While the market has changed but customer expectations have not, Matheis's experience with clients is that they don't actually buy into this idea until the differences of the e-world are mapped onto the necessities of the traditional marketing model. To achieve this, CSC has a so-called "e-brandometer" that tracks the traditional steps of go-to-market — developing, planning, and executing a branding and marketing strategy — and then adds the "e" dimension.
"In the traditional world, for example, the first thing to do is identify the target audience. The difference in the Internet world is that the audience is smaller than in the real world — in the U.S., about 50 percent of the population has access to the Internet — but its profile is more highly educated, younger, and more affluent. So, in developing a strategy you must match that profile," Matheis explains.
He also cites the example within brand strategy of developing a value proposition. Where traditionally companies sought point solutions — perhaps a 30-second television advertisement that communicates one or two benefits of a product or service — today customers expect e-branding to deliver total solutions. "Consider a manufacturer of toothpaste," suggests Matheis. "A traditional ad is time-limited and might deliver the message that this toothpaste fights tooth decay. The e-user expects a total solution, a Web site on health care that offers a multitude of products. People are wrestling with this; bricks-and-mortar companies with big brands have a lot at risk and a lot to lose if they don't make the right alliances with partners that have similar brand equity and alignment."
One Channel Among Many
BCG toes the "customer is king" line, offering clients the ability to understand what the customer hopes for, wishes for, and dreams of, but can't articulate. "You need to understand customers and how to generate company migration strategies for growth. Multichannel marketing is the way to go, so we explore these avenues with clients. Typically, we get called in at three stages: ground-floor e-triage, where clients want help in identifying primary opportunities; late-stage idea development, where we help the client execute strategy and make the idea commercial; and where clients want support across every area of marketing," explains Silverstone. "Everyone wants to grow and be more advantaged, but there is a great deal of uncertainty at the moment, and huge pressure about how best to use capital to generate the fastest growth."
Rather than create specialized project teams, BCG works with the client in multifunctional groups according to the module of activity at hand. It recognizes the weaknesses of the "dot-bombs" and the dangers of losing sight of the business by becoming overwhelmed by technologies such as Customer Relationship Management (CRM) systems, often preferring to work with existing customers who, it claims, are more sophisticated in their thinking. "With these clients we can develop a one-page objectives plan and then scope the opportunity together," claims Silverstone.
Like BCG, Bain & Co. does not have a marketing practice and sticks to broadbase strategy when consulting with its clients. Its consultants also work in integrated teams, pulling in the required skills as projects progress.
"Work at the strategic level is not changing. If you have the strategy right, the ability to improve marketing is about tactics. If the tools are there, such as CRM and database management, then it's about getting to customers in an individual way," says Vijay Vishwanath, director with responsibility for the consumer products practice at Bain.

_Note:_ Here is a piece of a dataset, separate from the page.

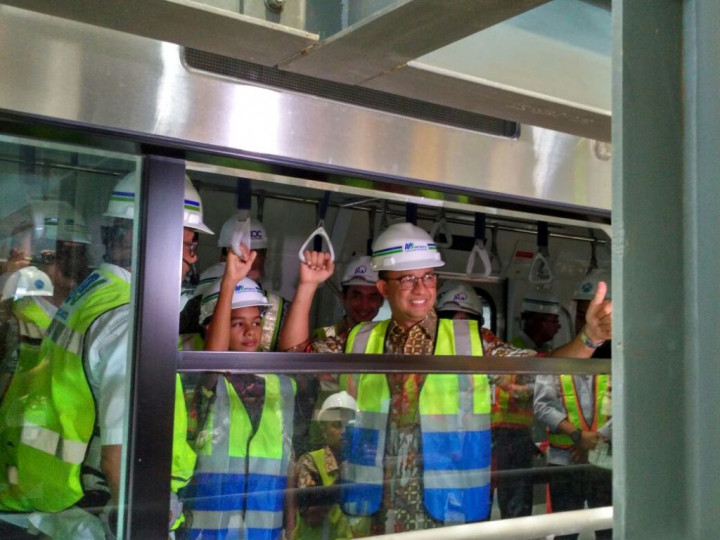 Anies Tinjau Kereta Pertama MRT Jakarta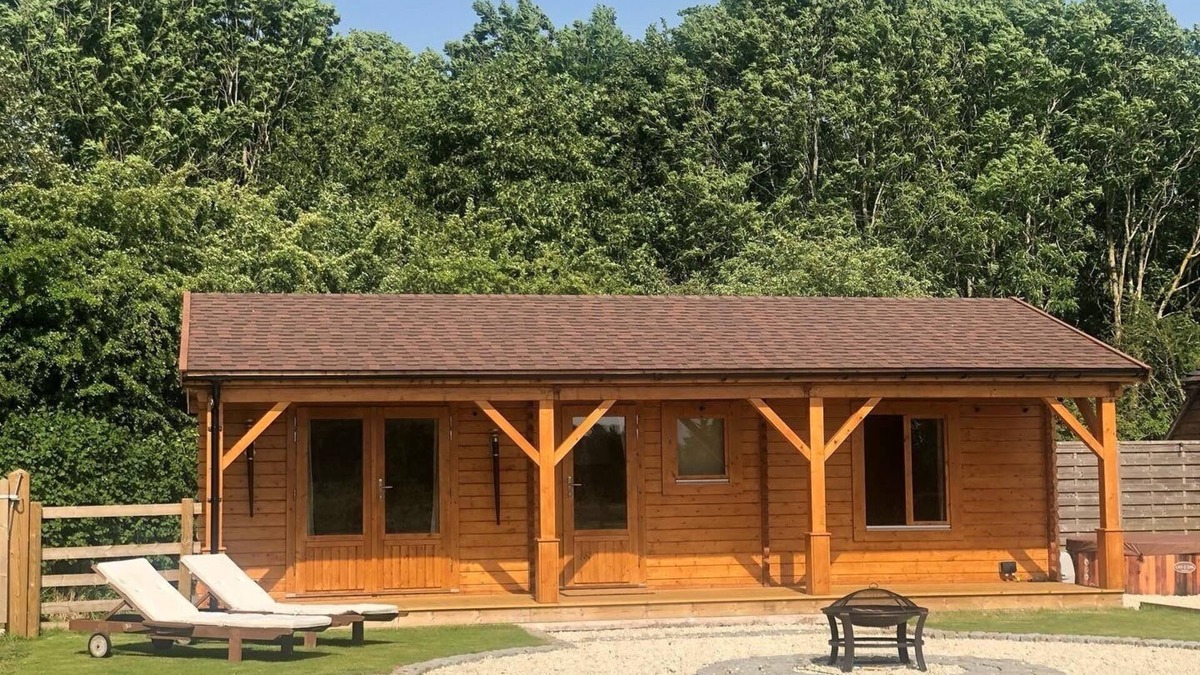 Callow Hill Cabin | Luxury Lodge retreat with hot tub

While Bain is committed to e-business, it believes that companies must move from pure "e" strategies to an integrated view of the business, incorporating new channels seamlessly in the whole. "Every time a new channel emerges, the world says it will destroy everything. But those who apply traditional marketing methods to e-business and integrate across channels will do better than the pure plays so hyped a year ago," adds Vishwanath.
When approached by a client wanting to use a new marketing channel, Bain points out that the Internet, by way of example, is just one channel among many, and that usual rules apply. "Companies think about a portfolio of products, not often about a portfolio of channels, and what they are trying to accomplish. A very important question is the role of each channel. For example, should an e-tailer put all its products or just some of them on the Internet?" asks Vishwanath. Customers are then considered in terms of segmentation and which segments have an inclination to which channel.
Know Your Customer
So, too, are brands scrutinized and developed to differentiate them from competitors, a line of work for which Bain notes significant demand as many products have become commodities over the past few years. "Companies often jump to the issue of the brand — logo, identity, and so on — before asking the essential question about why the value proposition of their product is different," says Vishwanath. "Marketing executives are all looking to differentiate products in the customers' eyes — it all goes back to consumers, segmentation, and understanding customers."

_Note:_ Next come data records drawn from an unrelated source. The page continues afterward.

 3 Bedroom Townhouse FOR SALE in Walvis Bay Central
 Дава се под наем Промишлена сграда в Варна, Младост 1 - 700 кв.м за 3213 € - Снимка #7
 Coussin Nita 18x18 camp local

If this is the strategy consultancy approach, Mercer Management Consulting takes, perhaps, an even more cerebral tack, attempting to get into the minds of consumers to find out where its clients will make profits in future. "This is increasingly difficult in an environment where there is no sustainable advantage anymore, but we have a strong customer science capability and focus on customer behavior. We look at what customers are choosing and how we can help clients make them choose their brands," says Almquist, who heads Mercer's customer value growth practice worldwide. "The winners will be those that really understand profitability and how they can affect it. For example, how to maintain profitable customers and improve the profitability of nonprofitable customers to yield value."
Building on its analytical view of customer behavior and choice, Mercer has developed what it calls discrete choice models that encapsulate its knowledge and deliver information on how customers behave in different situations. Almquist cites the example of a project with French railway operator SNCF that was looking to improve revenues from its Eurostar Paris-to-London service. Using a choice model, the project reconfigured the business, adding a new class of service and additional transportation packages beyond the Paris-to-London run. "As a result of using the model, revenue went up 20 percent over 18 months," claims Almquist.

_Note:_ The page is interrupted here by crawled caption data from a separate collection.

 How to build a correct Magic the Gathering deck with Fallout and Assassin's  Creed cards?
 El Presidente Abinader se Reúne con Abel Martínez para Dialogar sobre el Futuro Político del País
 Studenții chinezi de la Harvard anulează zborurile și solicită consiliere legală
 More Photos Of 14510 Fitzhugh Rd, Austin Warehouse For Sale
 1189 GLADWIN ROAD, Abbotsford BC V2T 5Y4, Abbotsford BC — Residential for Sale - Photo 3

Having carefully studied the telecoms market to find out what customers do and don't value, Mercer has also developed pricing models that help to identify customer priorities.
The firm reports an increasing importance of brand strategy in its work and works with clients to achieve strategic control in their markets. Almquist describes Coca-Cola's control of distribution channels as a winning method of not giving consumers choice in their purchases. "We do a lot of brand strategy work, not so much advertising, but 'customer moments of truth' that work over time. Increasingly, it's customer experience that creates strong brands, so we help clients align their organizations so that every employee at every touchpoint becomes a brand ambassador."
A Multitude of Products
A typical marketing and branding project takes between four and six months and involves a team of five to 10 consultants, although with only 30 consultants worldwide in his practice, Almquist acknowledges the need to call on other practices to work on the broader aspects of client projects. That said, he claims that 50% to 60% of Mercer's revenue has a significant marketing or customer-focused element and that he is constantly on the lookout for new recruits. "People are very hard to find, and our core customer science team is in big demand. We tend to recruit out of schools with empirically focused programs, such as Cornell, and also in India and China, where people are very good at statistical and quantitative methods. In this area, the U.S. has fallen behind," he says.
As the number of products and services in the market grows exponentially — Almquist notes 350,000 products competing for shelf space in a typical store that can handle 50,000 products — client demand for consultancy help to get products on the shelves and through the tills is bound to grow, creating plenty of work for customer-conscious consultants.
Almquist sees another rich seam in the aftermath of CRM implementation. "There is growing dissatisfaction about the value companies are getting from huge investments in CRM. CRM has been very lucrative for the systems integrators, but clients are wondering what they are getting. This all comes back to analytical marketing to create value from the investment," he says.
Marketing a multitude of products through multiple channels to an increasingly fickle audience may not be easy, but it is certainly an interesting challenge and one that is not about to disappear. As Almquist concludes, "The customer topic has become very important for consulting firms, as stock markets are so punishing to companies when the top line doesn't grow."